It is true. We have a task. Or, as the hon. the Prime Minister said, we have a mission we must fulfil. This has always been for the people of South Africa: A mission to fulfil, and not the handicap of an ideology. We have an ideal which we are striving to achieve. This Government and this Party will strive to achieve that political ideal, although we may still have to lose more people along the road who want to exchange their birthright for a mess of pottage. We will do it. We shall continue to remain in the majority because we are honest with our people, because we have been honest over the years and were honest in the past elections as well.

May I just draw the attention of the hon. the Opposition once more to one of the main reasons why the Government lost seats. It was because they kept their word of honour given the English-speaking people in South Africa, in spite of attacks from within their own ranks. It was exploited by that side of this House, but we kept our word of honour. We will keep our word of honour, not only towards that White section of the population, but also towards the non-Whites where we feel that they also have an ideal for which to strive.

Let me summarize briefly, as has been done by our leaders over the years, what the ideal of this Party is. The Opposition would do well to take note of it. The ideal of this Party is that South Africa will be retained for White Western civilization and that from here it will develop its mission towards the non-Whites living in South Africa and, further afield, the non-Whites living in Africa. It will fulfil its task towards them as well and take its place in the world. This was the task which we accepted in 1948 and which we asked people to entrust to us before 1948. It was consistent and without deviation the road we have followed and the road we shall follow in future.

I know it is true what the Opposition says and what they are eagerly trying to exploit, namely that it requires sacrifices. I do not want to become emotional about this, but may I remind them in the chill of this atmosphere that it is not the first time that people have made sacrifices for their ideals. It is written in red letters throughout the history of South Africa; all the people who strove after ideals, had to make sacrifices. Often it was not only sacrifices of money, of economic disadvantages but sacrifices of blood and of tears. We are prepared to make sacrifices of money. The Government is probably prepared to take the responsibility and to ask people to assist in that expansion of the non-White territories by means of taxation and by making contributions so that free independent peoples will develop alongside the White civilization in South Africa.

The hon. member for Hillbrow also found it necessary to refer sarcastically to the hon. the Minister of Bantu Administration and Development and his Deputy as people who are seeking to achieve colonialism. A few minutes later he stood up here and said that if they were to come into power they would invest White capital in those countries. What is closer to colonialism than to invest White capital in the non-White states and eventually to exploit the non-White areas? What is closer to that than this expressed policy of the United Party?

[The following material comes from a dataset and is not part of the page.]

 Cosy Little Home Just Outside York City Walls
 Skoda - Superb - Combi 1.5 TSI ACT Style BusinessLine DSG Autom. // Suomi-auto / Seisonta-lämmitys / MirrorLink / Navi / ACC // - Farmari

But now the hon. member has mentioned —and perhaps it is necessary for us just to point this out—that in addition to the idealism, we are also being unrealistic. No, in conjunction with idealism, one must of course face up to problems, and one must face them squarely. The hon. member used these words to which I have just referred in this House and said that the Government had set in motion a diabolic race between wage increases and rising costs. I concede that a race has started between wage and price increases. But I want to tell that hon. member who pleaded for and promised wage increases before every election. That side of this House not only pleaded for and promised wage increases which could be granted where practically possible, but also wage increases which were out of all proportion, while at the same time they spoke about reduced taxation for everyone, and promised higher pensions as well. I merely want to quote one example of this in order to remind the hon. member for Yeoville of what he said in 1967 when this diabolic race between wage increases and price index was being discussed. On that occasion the hon. the Minister of Labour introduced a motion and I shall quote from the Hansard of 1967, column 7363. The Bill dealt with the prohibition of the payment of exorbitant salaries to town clerks by municipalities. I shall quote what the hon. the Minister said at the time—

The high salaries local authorities offer senior officials in particular, or agree to pay, have in recent times given rise to various misgivings in responsible quarters. As I shall demonstrate in a moment, these high salaries are disproportionate to the salaries paid for comparable work in the Public Service, the highest cadre in our national administration. The inevitable result …

The Minister said this in 1967—

… is wage inflation, but, even worse, there is competition for the services of key staff which, if it is allowed to continue without restraint, may seriously disrupt the maintenance of essential services.

This is what the Minister of Labour warned in 1967 and he proposed these measures in order to combat loan inflation in municipalities, the Public Service sector and the semi-Public Service sector. Subsequently the hon. member for Yeoville stood up, because there are of course municipal officials and Public Servants who are entitled to vote, and said—I shall quote from column 7370—

This measure militates against the interests and the entire wage structure of all employees in the public sector—not only the city councils, but also the Public Service and the provincial service will suffer as a result of it. This is not the answer. The answer is, firstly, that we should be willing on short term to pay more to men of standing, experts, men who are specially trained, of whom there is a tremendous shortage in South Africa. We must pay the top officials in South Africa more. They are worth that to us. We must also be able to attract them from abroad. New recruits must be attracted from abroad. We may perhaps not be able to do so in the Public Service, but we can and should do so in the municipal services, because we cannot go on with this shortage in South Africa. It is a shortage which hampers our development, the potentialities we could realize. But simply to cork the bottle while the water is still boiling is to ask for an explosion.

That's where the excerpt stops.